The Florida State precedent was set in 2023 when the committee excluded the unbeaten Seminoles after Jordan Travis suffered a season-ending injury.

"I feel they aren't nuked like FSU," the source said.

The final voting process includes seven rounds of ballots. Members first select a pool of six teams to evaluate, then rank them in groups of four across four rounds before finishing the final three rounds in groups of three. In the second round of voting, the four teams slotted at Nos. 5-8 -- the first-round home-game seeds -- are determined. 

This is where a potential Kiffin departure could come into play.

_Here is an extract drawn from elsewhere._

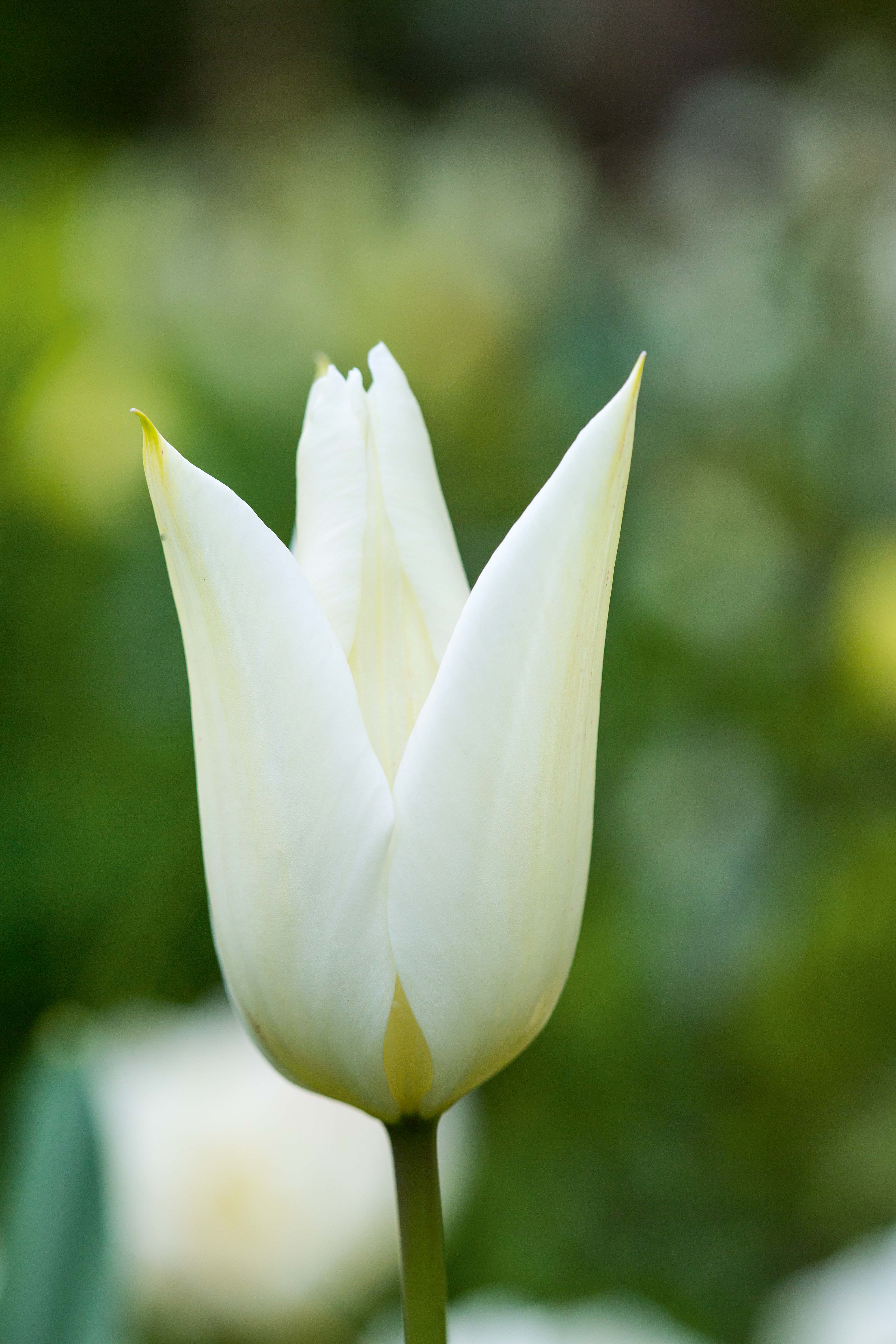 Tulipa White Triumphator /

Ole Miss playoff scenarios

  • If the SEC goes chalk in Week 14 with wins for Texas A&M, Georgia, Oklahoma and Alabama with all of those teams finishing with double-digit wins, we expect the Rebels to get a first-round home largely due to their head-to-head win over the Sooners. The Kiffin dynamic may alter the conversation if the committee feels Ole Miss is no longer in the same tier as Oklahoma without its offensive-minded coach.
  • However, if Alabama goes on to beat Texas A&M in the SEC Championship Game game, the Crimson Tide would be in line for a top-4 seed, which would push the Rebels to at least No. 8 in the final rankings next month.
  • If Alabama and Texas A&M lose during rivalry weekend and the Rebels get to Atlanta, a possible second loss in the SEC Championship Game to Georgia could push Ole Miss back a peg or two in the final rankings. On the flip side, an unexpected conference crown would really put the pressure on the committee giving this program a top-4 seed even if Kiffin goes elsewhere.
  • In short, for Ole Miss to lose a first-round home game opportunity, that would mean two of these three teams -- Oklahoma, Alabama or Notre Dame -- move ahead of the Rebels in the final rankings. Only one of those squads, the Crimson Tide, could have an opportunity to play a 13th game and provide another data point next week.
  • Should Kiffin bolt to LSU, it's difficult to judge how harshly the committee will critique Ole Miss. Perhaps that could mean sliding the Rebels behind Notre Dame at No. 9, which puts Ole Miss on the road in the first round. The Fighting Irish will enter the playoff on a 10-game winning streak if they beat Stanford on Saturday and the head-to-head disadvantage with a possible 10-win Miami team does not come into play next weekend.